Unraveling the Roles of Hot Electrons and Cocatalyst toward Broad Spectrum Photocatalytic H2 Generation of g-C3N4 Nanotube

Exploiting active photocatalysts with broad spectrum light response is a priority target in the field of photocatalysis. Herein, integrating Au and CoO nanoparticles with g-C3N4 hollow nanotubes, a promising ternary photocatalyst with wide-light spectrum response (420-650 nm) is designed, in which Au nanoparticles play the dual role of plasmonic electron donor and reduction cocatalyst, while CoO nanoparticles act as oxidation cocatalyst. The optimum H-2 evolution rates of the ternary hybrid reach 238.7 and 4.9 mu mol under the irradiation of visible light and monochromic light of 650 nm, respectively. Localized surface plasmon resonance (LSPR) can promote charge-carrier generation in the g-C3N4, and the appropriate band alignment between the Au and g-C3N4 is favorable for hot electron transfer from Au to g-C3N4, which makes this ternary hybrid possess extra hot electrons for water reduction reaction under a wider solar spectrum. Furthermore, Au as a reduction cocatalyst and CoO as an oxidation cocatalyst can effectively impel the charge separation and restrain charge recombination, which is also responsible for the enhanced photocatalytic activity.
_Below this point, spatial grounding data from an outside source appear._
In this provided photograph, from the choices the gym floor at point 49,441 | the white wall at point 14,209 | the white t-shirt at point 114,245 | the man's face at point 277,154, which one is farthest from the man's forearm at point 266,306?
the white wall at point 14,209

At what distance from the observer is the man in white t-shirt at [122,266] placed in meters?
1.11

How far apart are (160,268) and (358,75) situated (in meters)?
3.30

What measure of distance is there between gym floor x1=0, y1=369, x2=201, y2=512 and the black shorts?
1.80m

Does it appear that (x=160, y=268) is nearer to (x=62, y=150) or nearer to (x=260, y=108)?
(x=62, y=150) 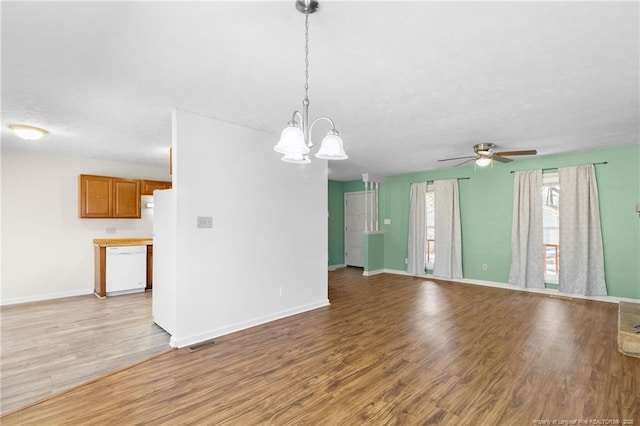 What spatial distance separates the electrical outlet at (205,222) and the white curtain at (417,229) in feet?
17.2

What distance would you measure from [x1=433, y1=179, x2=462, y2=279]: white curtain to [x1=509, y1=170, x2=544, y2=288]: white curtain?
42.3 inches

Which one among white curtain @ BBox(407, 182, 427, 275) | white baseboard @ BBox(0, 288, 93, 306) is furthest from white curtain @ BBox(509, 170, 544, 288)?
white baseboard @ BBox(0, 288, 93, 306)

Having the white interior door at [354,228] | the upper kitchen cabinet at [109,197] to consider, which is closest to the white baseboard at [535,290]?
the white interior door at [354,228]

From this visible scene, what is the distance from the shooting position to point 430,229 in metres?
7.42

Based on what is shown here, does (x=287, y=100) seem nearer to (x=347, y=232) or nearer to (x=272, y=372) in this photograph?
(x=272, y=372)

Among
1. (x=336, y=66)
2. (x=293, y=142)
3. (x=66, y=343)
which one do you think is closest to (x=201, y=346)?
(x=66, y=343)

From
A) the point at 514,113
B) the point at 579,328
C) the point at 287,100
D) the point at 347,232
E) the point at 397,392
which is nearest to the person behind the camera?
the point at 397,392

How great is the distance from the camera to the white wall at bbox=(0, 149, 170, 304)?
500 cm

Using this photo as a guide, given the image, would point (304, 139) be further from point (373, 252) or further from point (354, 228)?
point (354, 228)

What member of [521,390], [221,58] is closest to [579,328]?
[521,390]

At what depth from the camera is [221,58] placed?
2244mm

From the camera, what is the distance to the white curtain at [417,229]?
287 inches

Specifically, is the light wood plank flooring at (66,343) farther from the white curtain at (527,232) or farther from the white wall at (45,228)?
the white curtain at (527,232)

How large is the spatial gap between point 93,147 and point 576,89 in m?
6.28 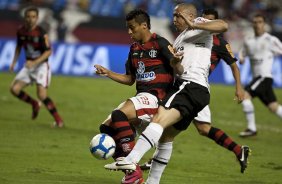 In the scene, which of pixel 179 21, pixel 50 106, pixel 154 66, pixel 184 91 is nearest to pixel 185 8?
pixel 179 21

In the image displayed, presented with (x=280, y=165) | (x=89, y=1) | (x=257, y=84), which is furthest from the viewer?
(x=89, y=1)

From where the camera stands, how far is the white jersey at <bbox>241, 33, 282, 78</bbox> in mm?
16078

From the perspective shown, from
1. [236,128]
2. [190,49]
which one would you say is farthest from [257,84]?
[190,49]

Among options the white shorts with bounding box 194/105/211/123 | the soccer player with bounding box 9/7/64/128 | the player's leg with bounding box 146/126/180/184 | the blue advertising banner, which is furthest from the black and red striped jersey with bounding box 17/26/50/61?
the blue advertising banner

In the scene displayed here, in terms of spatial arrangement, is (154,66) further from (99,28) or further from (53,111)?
(99,28)

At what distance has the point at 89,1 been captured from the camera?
30266mm

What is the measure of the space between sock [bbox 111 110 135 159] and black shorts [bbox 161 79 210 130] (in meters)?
0.57

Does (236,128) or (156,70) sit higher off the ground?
(156,70)

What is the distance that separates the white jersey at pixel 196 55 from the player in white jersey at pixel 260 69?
674 cm

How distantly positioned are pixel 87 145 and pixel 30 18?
146 inches

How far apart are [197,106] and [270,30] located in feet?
65.0

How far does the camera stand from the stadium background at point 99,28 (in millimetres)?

This work affords a credible strategy for the rational construction of plasmon-assisted photocatalysts for the wider-spectrum appliance of solar energy.

Automated summary

This study developed a promising ternary photocatalyst by integrating Au and CoO nanoparticles with g-C3N4 nanotubes, showing enhanced photocatalytic activity and wide-light spectrum response under plasmonic-assisted conditions.